What Laughton does not say is that a good proportion of those discards were players he signed himself. Apart from Hanley, the policy of signing other Wigan veterans, such as Andy Goodway and Andy Gregory, was a failure. "But in the end, nobody remembers your bad signings," Laughton says.

Good signings, on the other hand, often made after lengthy consultation with Hanley, include Alan Tait from Widnes, the former All Black, Craig Innes, and on recent showings, this season's new recruits, George Mann and Esene Faimalo.

Alongside another New Zealander Gary Mercer, and the equally rugged Harvey Howard, Mann and Faimalo have helped to dispel one of the oldest truisms in the game - that Leeds go soft in the forwards when the going gets hard. "Our pack has been awesome at times this season," Laughton said.

Critics often claim that Laughton is a non-event as a coach, because he does little that others recognise as coaching. It is certainly true that he brings a minimalist philosophy to the job.

"I think coaching is a bit of a myth," he says. "My approach has always been to get the best players you can and let them get on with it. Your most important job then is to keep them happy."

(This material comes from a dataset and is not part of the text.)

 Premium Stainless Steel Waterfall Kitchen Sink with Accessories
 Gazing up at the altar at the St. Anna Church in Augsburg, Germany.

What makes Laughton happiest is the emergence over the past couple of years of a crop of young players, the likes of which Headingley has never seen.

Even in their most successful years, Leeds' weakness has always been in the fostering of their own talent. A clear sign of the turning of the tide comes not just from the establishment of teenagers such as Francis Cummins and Graham Holroyd as regular first-teamers, but in the fact that Leeds will have eight players in France next weekend in the Under-21 and Academy squads.

"Those kids," says a coach whose energy in recruiting them has belied his popular image as one happiest with his feet up and a packet of cigarettes, "keep the place buzzing."

The next three months will show whether that buzz is a signal that the club really has tapped into a power source that could put them up where they long to be.